With some alterations thought up, more questions started cropping up. We created a list of several questions. The first is who this problem affects. The obvious is space-traversing companies, but that can span from communications to weather observation, That space debris can damage, skew, and cause altercations that can drastically affect satellites and other spacecraft we communicate with on Earth. There have been very successful missions to identify the trajectories of space debris, but very small pieces are difficult to track. We began questioning how would the tiny slivers be tracked. We came up with various ideas such as having more reflective metal coatings or paint to help visually find them, as well as using machine learning to predict locations of small debris based on collisions and data for the breaking of large and medium pieces. One final question also came up was how the debris affects the earth. With an increase in debris floating around Earth, it can begin to mess with heat from the sun. Also, since many pieces of this debris are metallic, a solar flare may have a greater toll on the magnetic field of Earth.
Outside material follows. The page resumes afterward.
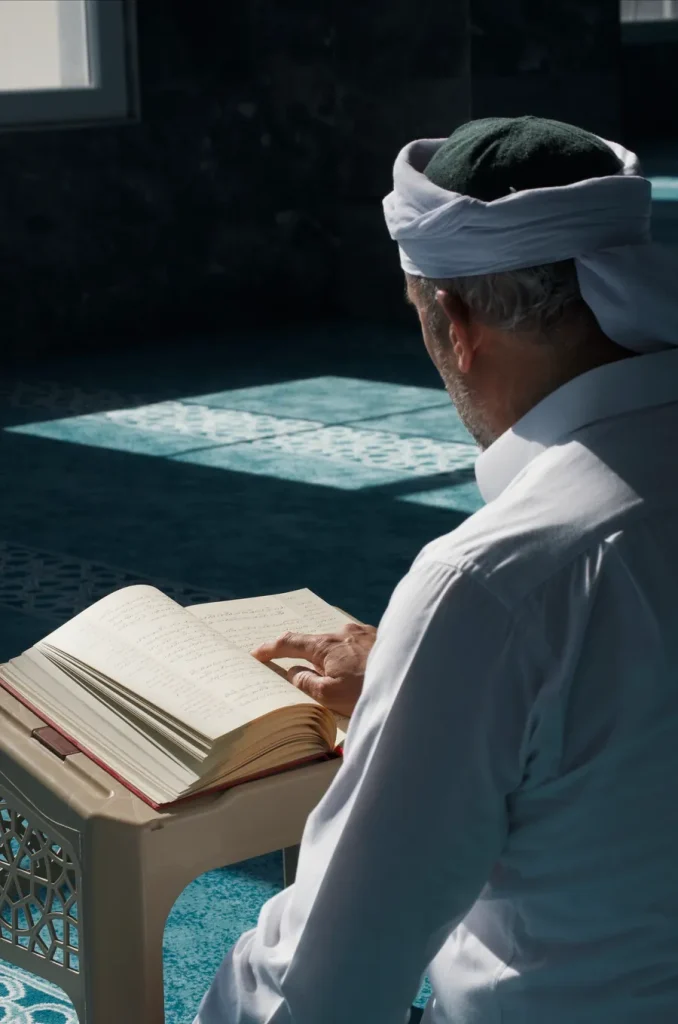 Adult man reading the Quran in a mosque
We took these questions and started to figure out a scope for a project to present to the committee.

We then began to create the design for our project. Of the various 3-D models of space debris, two things that were not modeled that we believed were important. These were the risk level of the space debris and a non-geocentric viewpoint. So we began to create the code. By using C++ in the QT compiler, we were able to make a functional 2-D display. In the software, the user can flip between a geocentric view and a view from the International Space Station stand-in. The user can also customize the various characteristics of the debris and add/remove debris as they wish. This program took a bit of elbow grease to get working, but the end product was visually appealing and completed the desires we had set out to accomplish.

With the completion of the code, we began to prepare our presentation. We created a slideshow in Powerpoint to visually display what we had done through this project. It was a long process, but with the completion of the presentation, we could say that we had completed what we had set out to accomplish.